Wuntram sah eine jener Debatten voraus, die er hasste. Er fiel Bauer ins Wort. "Ich denke, Hesse geht in die Bibliothek. Eine Kraftprobe mit Shelter wäre Irrsinn. Wir müssen uns auf die Lagersprecherwahl konzentrieren. Sollte der Kandidat der Yes-Men siegen, können wir einpacken wie in McLoin. Wir müssen einen Antifaschisten durchbringen."
Hesse war es, als sähe er die Drei wie in glashellem Spiritus. Drei, die für viele standen, mochten sie zur KPD, zur SAP gehören, oder zur SPD tendieren, wie er es von Kressert annahm. Sie hatten ihn hergerufen, um sich über seinen weiteren Einsatz schlüssig zu werden, nun befanden sie sich schon wieder mitten in der Politik. Über dem Allgemeinen vergaßen sie leicht den Einzelnen. Hesse stellte es lächelnd zum wiederholten Male fest.
"Wenn wir einen durchbringen, bist du es", sagte Kressert und verbarg die Verehrung für Wuntram hinter Sachlichkeit. Wuntram zeigte seinen Ärger über die gut gemeinte Deutlichkeit nicht. "Der Mann ist nicht so wichtig wie der Wahlsieg."

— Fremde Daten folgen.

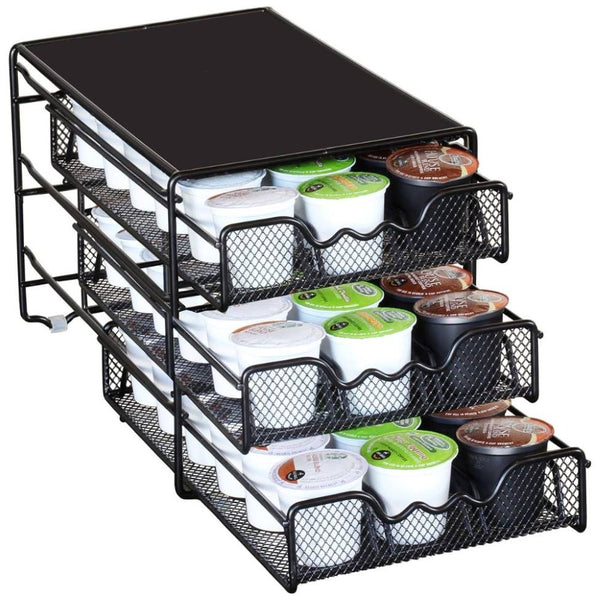 Load image into Gallery viewer, Deco Brothers 3-Tier Coffee Pod Storage Drawer, 54 Keurig K-cups Capacity, Black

"Keine falsche Bescheidenheit." Bauer sagte es ohne Spott.
"Schaut auf die Hände, nicht aufs Maul, ist ein gutes Bebel-Wort. Du hältst vom Tun mehr als vom Reden, das wissen alle."
Die Freude über Bauers Worte verdeckte Wuntram mit dem Einwand: "Genauso gut wissen aber auch alle, dass ich von der SAP komme. Das können einige deiner Freunde nicht verwinden."
Hesse sah an Bauers Gesicht, wie er sich beherrschte, keine Grundsatzdiskussion zu beginnen. "Einer mag gläubiger Katholik sein oder eine schwarz-weiß-rote Armbinde tragen. Wenn er gegen Hitler kämpft, gehört er zu den Antifaschisten. Das ist die Grundeinstellung des Nationalkomitees "Freies Deutschland". Damit müssen sich auch die Sektierer abfinden."
Wuntram lächelte skeptisch. "Wir werden ja sehen, Ob du dich bei deinen Genossen durchsetzt."
Kressert kam auf den Anlass des Gesprächs zurück. Er war fast gleichaltrig mit Hesse, hatte einen ähnlichen Lebensweg, und wie jenem drängten sich ihm in letzter Zeit viele Fragen auf. Aber er rief sich selbst zur Ordnung. "Hesse geht also in die Bibliothek?"
Wuntram nickte. Er verabschiedete Hesse und Bauer, seinen Stellvertreter in der Kompanie, zog einen Stuhl an den primitiven Schreibtisch und sagte zu Kressert. "Jetzt weiter im Text."
Bauer und Hesse gingen zu ihrer Baracke. Das Gespräch zwischen den beiden Älteren beschäftigte Hesse. Von Bauer wusste er einiges, doch so unumwunden hatte er das noch nicht gehört: Die Kommunisten arbeiten auch mit Schwarzweißroten zusammen, wenn die gegen Hitler sind. Das hieß im extremen Fall, Hesse erkennt seinen Todfeind Malleck als Bundesgenossen an, vorausgesetzt, der kreuzte eines Tages seinen Weg und erklärte, er wäre gegen Hitler. Das aber würde Hesse nie tun können. Also war an Bauers These etwas faul. Es zeigte sich wieder einmal: Politik war eine suspekte Sache. Trotzdem fragte er: "Wieso glaubt Wuntram nicht daran, dass alle Kommunisten für ihn stimmen werden?"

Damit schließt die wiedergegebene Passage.